I just found personally that it's usually a higher burden on the codebase than it needs to be.
@@RobertBrunhage I am intrigued. I should give it a try in a typical to-do-app.
this is exactly how i do it.
i still believe those state management packages pros are way better, some are even recommended by google, also the the approach almost always stays the same like bloc it's always event, and states
This is bad advice, don't do this. No one in the flutter industry is even bothering with mvvm. Use clean architecture - feature based approach.
It's not even advice, it's Robert's approach as the title clearly states.
But mvvm is clean architecture, they are not mutually exclusive 😅
And the feature based folder structure can still be used with mvvm architecture.
It's rather bold calling something bad advice while not knowing what you're talking about.

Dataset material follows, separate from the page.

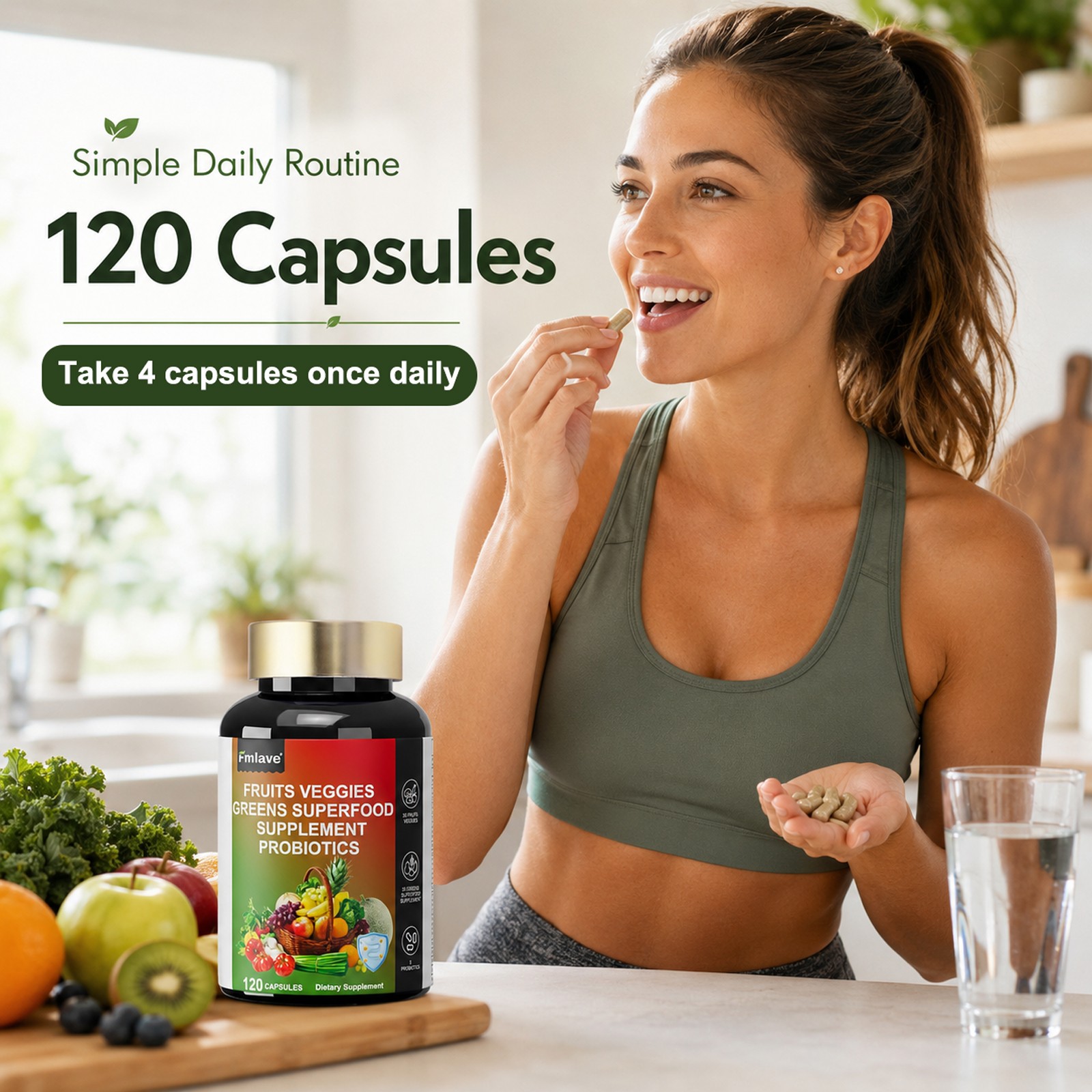 3pcs 70 Fruits and Veggies Whole Food Supplement w/ Probiotics for Gut 360 Count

@@aymanbarghout9106 I can accept it's his opinion, but still he is sharing it, so regardless of the validity of the information, he is still sharing it. Second, mvvm is not clean architecture for flutter development. That would be as if you told me mvc (model-view-controller) is clean architecture, hello 1973, please take C back.. and honestly, saying "you don't understand" is very weak argument. He is not not even telling them to use Bloc (even though 99.9% of industry is using it), it's just not a good look when you still have this "wHaT sTaTe MaNaGeMenT yOu ShOuLd UsE".. I am telling you honestly, some kids will look at this, and try to follow this advice.. there are industry standards for a REASON, and he should at least respect that to mention that.. this is not a mainstream advice which he is giving, and beginners should know that. And to repeat again,, MVVM is NOT a clean architecture in flutter development. If you don't believe me, go speak with cloude 3.5.
fully agreed, Clean architecture kind of old and even some famous framework likr laravel didnt do it. plus MVVM cannot be compared to Clean Architecture i think. you can do both@@aymanbarghout9106
Simply not true. The official flutter channel has feature stacked (which is MVVM) recently. Also, you can do feature based architecture with MVVM and even clean architecture with service locators. It's quite obvious to do it if you think about it.